Keystone Ranch Jan. 29 1901

DARLING LITTLE ETHEL:

You would be much amused with the animals round the ranch. The most
thoroughly independent and self-possessed of them is a large white pig
which we have christened Maude. She goes everywhere at her own will;
she picks up scraps from the dogs who bay dismally at her but know
they have no right to kill her; and then she eats the green alfalfa
hay from the two milch cows who live in the big corral with the
horses. One of the dogs has just had a litter of puppies; you would
love them with their little wrinkled noses and squeaky voices.

ADVICE AND NEWS

Oyster Bay May 7th 1901

BLESSED TED:

It was the greatest fun seeing you and I really had a satisfactory
time with you and came away feeling that you were doing well. I am
entirely satisfied with your standing both in your studies and in
athletics. I want you to do well in your sports and I want even more
to have you do well with your books; but I do not expect you to stand
first in either if so to stand could cause you overwork and hurt your
health. I always believe in going hard at everything whether it is
Latin or mathematics boxing or football but at the same time I want
to keep the sense of proportion. It is never worth while to absolutely
exhaust one's self or to take big chances unless for an adequate
object. I want you to keep in training the faculties which would make
you if the need arose able to put your last ounce of pluck and
strength into a contest. But I do not want you to squander these
qualities. To have you play football as well as you do and make a
good name in boxing and wrestling and be cox of your second crew and
stand second or third in your class in the studies is all right. I
should be rather sorry to see you drop too near the middle of your
class because as you cannot enter college until you are nineteen
and will therefore be a year later in entering life I want you to be
prepared in the best possible way so as to make up for the delay. But
I know that all you can do you will do to keep substantially the
position in the class that you have so far kept and I have entire
trust in you for you have always deserved it.

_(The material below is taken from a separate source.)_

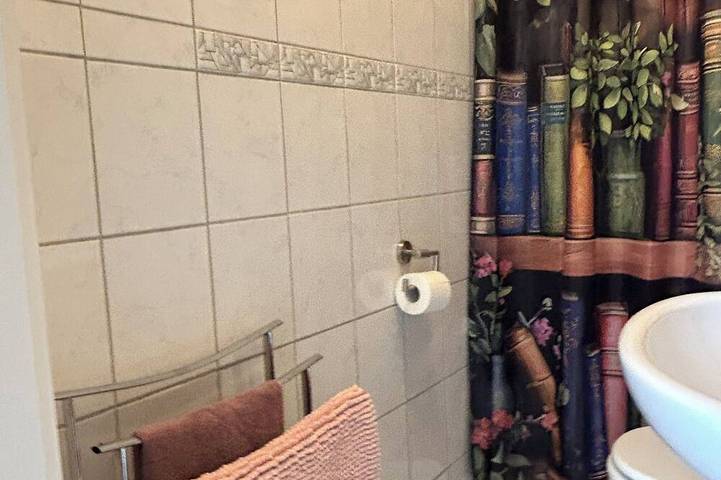 Ganze Wohnung, Ein Bücherhimmel zum Abtauchen mit Wander- und Radwegen, Kanueinstiegen nah bei in Leun, Lahn-Dill-Kreis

The weather has been lovely here. The cherry trees are in full bloom
the peach trees just opening while the apples will not be out for ten
days. The May flowers and bloodroot have gone the anemonies and
bellwort have come and the violets are coming. All the birds are here
pretty much and the warblers troop through the woods.

To my delight yesterday Kermit when I tried him on Diamond did
excellently. He has evidently turned the corner in his riding and was
just as much at home as possible although he was on my saddle with
his feet thrust in the leathers above the stirrup. Poor mother has had
...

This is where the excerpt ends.